We begin by selecting a starting point from the curation entries. In this case we will use
the AutomaticCuration populated above as a starting point for manual curation, though you could also
start from the opriginal curation entry by selecting the proper key from the Curation
table
Note: This step requires setting up your kachery sharing through the sharing notebook
starting_curations = (sgs.AutomaticCuration() & ss_key).fetch(
"auto_curation_key"
) # you could also select any key from the sgs.Curation table here
username = "username"
fig_url_repo = f"gh://LorenFrankLab/sorting-curations/main/{username}/" # settings for franklab members
sort_interval_name = interval_list_name
gh_url = (
fig_url_repo
+ str(nwb_file_name + "_" + sort_interval_name) # session id
+ "/{}" # tetrode using auto_id['sort_group_id']
+ "/curation.json"
) # url where the curation is stored
for auto_id in starting_curations:
auto_curation_out_key = dict(
**(sgs.Curation() & auto_id).fetch1("KEY"),
new_curation_uri=gh_url.format(str(auto_id["sort_group_id"])),
)
sgs.CurationFigurlSelection.insert1(
auto_curation_out_key, skip_duplicates=True
)
sgs.CurationFigurl.populate(auto_curation_out_key)
[16:04:49][INFO] Spyglass: Preparing spikesortingview data
Initial pass: segment 0 Segment 0 of 1 /stelmo/nwb/kachery-cloud/sha1/de/41/7a/de417af585eda5dc274c1389ad1b28ef1a0580ab
/home/sambray/mambaforge-pypy3/envs/spyglass/lib/python3.9/site-packages/datajoint/autopopulate.py:292: ResourceWarning: unclosed file <_io.TextIOWrapper name='/stelmo/nwb/recording/minirec20230622_.nwb_01_s1_first9_0_default_hippocampus/traces_cached_seg0.raw' mode='r' encoding='UTF-8'> make(dict(key), **(make_kwargs or {})) ResourceWarning: Enable tracemalloc to get the object allocation traceback
We can then access the url for the curation figurl like so:
print((sgs.CurationFigurl & ss_key).fetch("url")[0])
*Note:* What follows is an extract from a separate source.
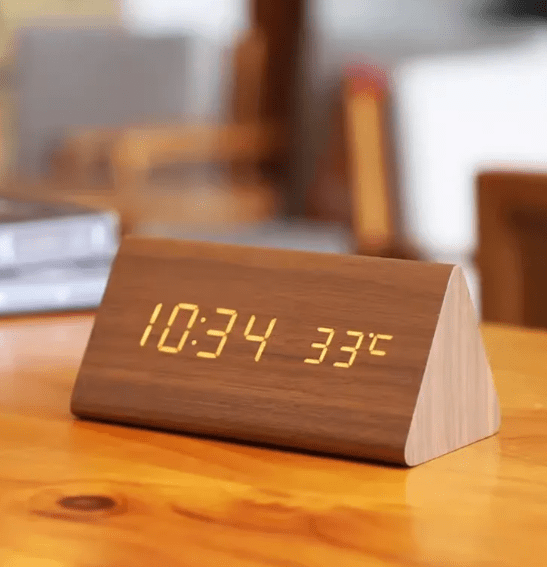 WoodSense | LED-Holzuhr mit Sprachsteuerung & Anpassbarer Helligkeit | Stilvolles Design für Komfort 1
https://figurl.org/f?v=npm://@fi-sci/figurl-sortingview@12/dist&d=sha1://b0d9355ba302bcbcb7005822796fc850c06b6d3d&s={"initialSortingCuration":"sha1://2800ea072728fd141d8e5bc88525ac0c6c137d04","sortingCuration":"gh://LorenFrankLab/sorting-curations/main/sambray/minirec20230622_.nwb_01_s1/0/curation.json"}&label=minirec20230622_.nwb_01_s1_first9_0_default_hippocampus%20minirec20230622_.nwb_01_s1_first9_0_default_hippocampus_42be1215_spikesorting&zone=franklab.collaborators
This will take you to a workspace on the sortingview
app. The workspace, which
you can think of as a list of recording and associated sorting objects, was
created at the end of spike sorting. On the workspace view, you will see a set
of recordings that have been added to the workspace.
Clicking on a recording then takes you to a page that gives you information about the recording as well as the associated sorting objects.
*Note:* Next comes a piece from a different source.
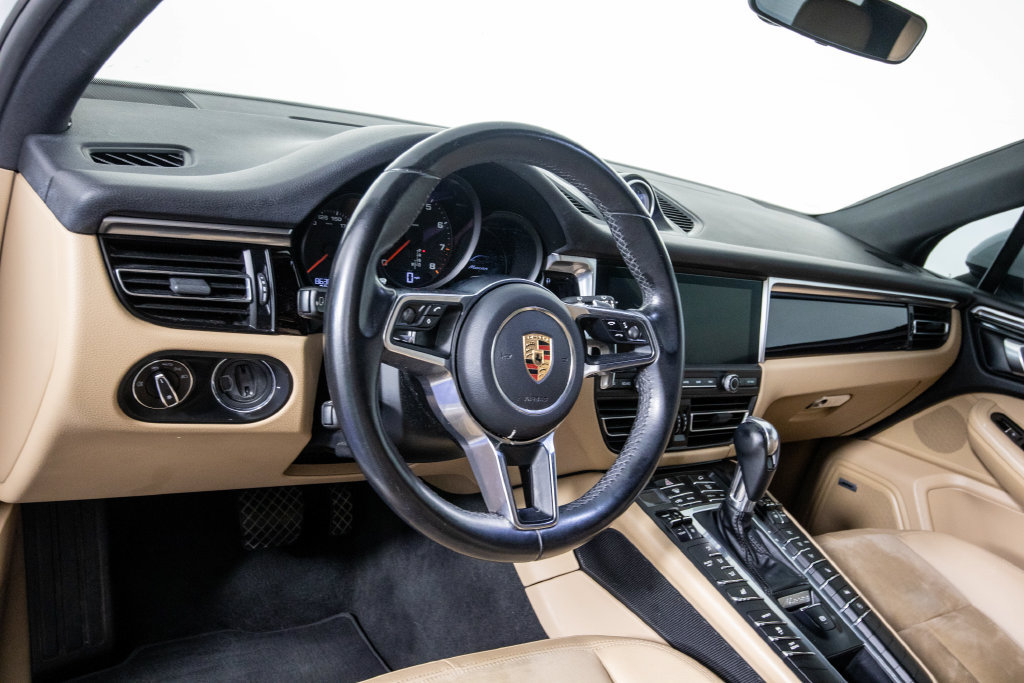 Used 2019 Porsche Macan AWD/4WD image 18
Click on a sorting to see the curation view. Try exploring the many visualization widgets.
The most important is the Units Table
and the Curation
menu, which allows
you to give labels to the units. The curation labels will persist even if you
suddenly lose connection to the app; this is because the curation actions are
appended to the workspace as soon as they are created. Note that if you are not
logged in with your Google account, Curation
menu may not be visible. Log in
and refresh the page to access this feature.